The Weather Holds so Plowing Can Begin

Our fuel was delivered for the season.  Now THAT is a jolt to your pocketbook, believe me. 

And the weather held long enough to get the plow on and head to the corn and hay fields.

  As you can tell we are small farmers and our equipment is older.  We use a four-bottom plow any larger and we would have to enlarge everything else.  Four plow shears go down, then the plow is turned over and the other side of the four shears do the work.

 Here Terry is setting the plow into the ground

The primary purpose of plowing is to turn over the upper layer of the soil, bringing fresh nutrients to the surface, while burying weeds and the remains of previous crops, allowing them to break down. It also aerates the soil, and allows it to hold moisture better.  If the weather is nice (meaning not storming or dropping down moisture) most farmers, in our area, leave the ground to warm up and freeze (that is what you really want) for a week.  The repeated warming and freezing makes for a very soft and friable soil.  

It  is now down.

And off he goes.  We are having lots of wind so this soil will be dry faster than a week.  Every day the soil needs to be checked, if it dries out too much the soil will turn to clods.  Clods are a pain, a real pain. 

We should be able to roll this weekend. (and yes I know how to roll).

  All of this seems like lots of work, but to us it’s a real labor of love.  When you enjoy what you are doing, work is never part of the equation

 Linda

Yeah!
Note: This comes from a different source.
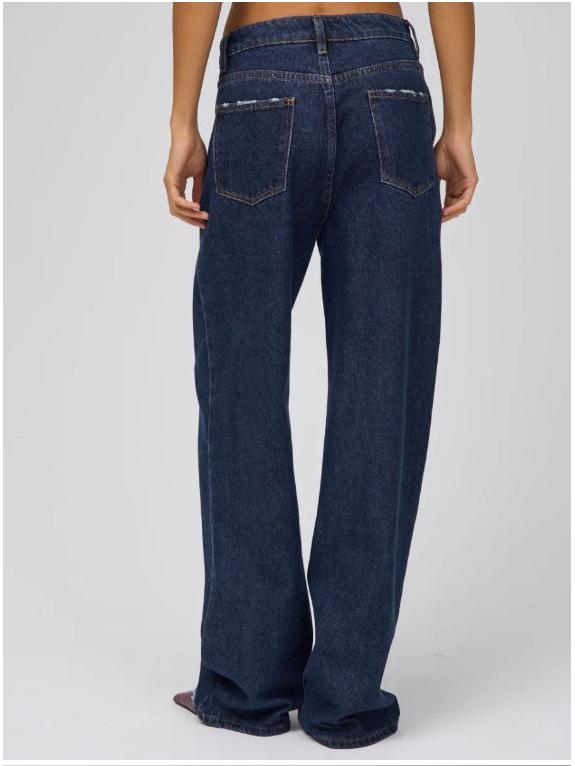 Jeans Dritti da Donna 2025 - Nuovo Design alla Moda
Spring Work Has Begun!

But it comes with problems.

Terry only disks the corn and old alfalfa fields.  Disking over once only shreds about 40-70% of the stalks, most of the time it takes two passes to get the stalks small enough.

A common problem, but one a farmer really wants to avoid, is the ground is too wet.  Disking wet soil results in non-uniform shredding, creates clods, leaves compacted soil, and wads up in the disks. The only thing to do then is…

Dig the mud out with a bar!  Terry has scrapers on some of the disks, but of course the one in the middle (which never wads up) packed in tight.

Cleaned and ready to go.

Here is what a disked field looks like.  Tomorrow he will plow.  There again he will only plow last year’s corn field and any alfalfa fields he wants to take out of production.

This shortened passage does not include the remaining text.